В конюшне раздался бой часов. Епископ сказал, размышляя вслух: — Голубка нужна, голубка — как та, что умерла.
— Вы тоскуете по жене?
— Да.
— А я, признаться, вовсе не тоскую по мужу.
— Чем же он был плох, на ваш взгляд?
— Скучный человек.
Епископ помялся.
— Я не люблю об этом рассказывать, но у меня был брат, и он погиб, потому что любил рисковать, — так вот мне кажется, он рисковал жизнью, борясь со скукой.
— Сколько ему было лет?
— Семнадцать.
— Не рановато ли он начал скучать?
— Вовсе нет, напротив, с годами все становится увлекательней. Возьмите хотя бы случай с этим конем и этим голубем. Я думаю, если бы у брата хватило терпения подождать, ему со временем стало бы интереснее жить. Видите ли, в то время, когда случилось несчастье, он больше не мог мириться с природой собственного мышления, ибо мыслил плоско, шаблонно. С годами он научился бы думать иначе.

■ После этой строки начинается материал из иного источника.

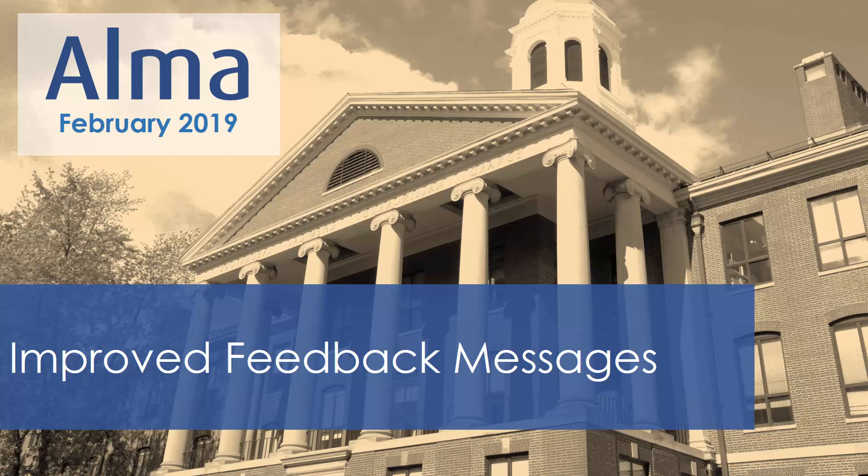We've revamped Alma's system feedback messages for the February 2019 release as part of our continued effort to improve user experience.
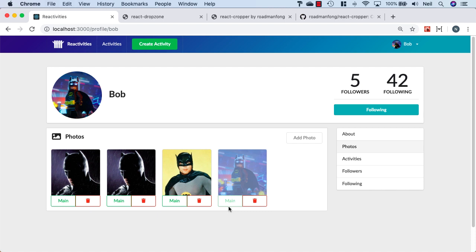Now all we need to do is handle the Delete functionality, and we'll take a look at that next.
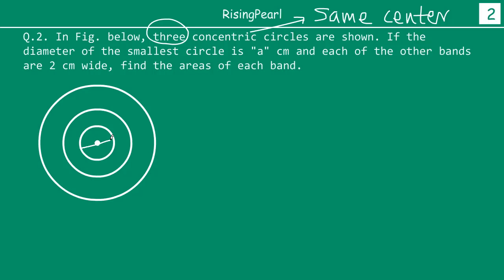So if this is a centimeters — the diameter — and each band is 2 centimeters wide, that means this width is 2 cm and similarly this outer width is also 2 cm. So we have the innermost circle with diameter a, then a 2 cm band, then another 2 cm band. We have to find the areas of each band.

— Вы считаете, что самоубийство смертный грех?
— Не стоит об этом, хорошо? Вы не замерзли? Ах, но как же я рад, что нас осенила мысль о голубке.
— Как вы раздариваете свои удачные мысли. Это вас она осенила.
— Скажите пожалуйста! А у вас зоркий глаз. Надо, пожалуй, смахнуть пыль с гетр.
— Он для того рисковал жизнью, чтобы вернуть себе остроту ощущений?
— Я был тогда молод, но думаю, да — надеялся вновь почувствовать вкус к жизни, рискуя ею. Он играл в так называемую русскую рулетку, то есть перебегал через улицу прямо под колесами летящей
— Может быть, лучше спросить — когда решила выйти замуж?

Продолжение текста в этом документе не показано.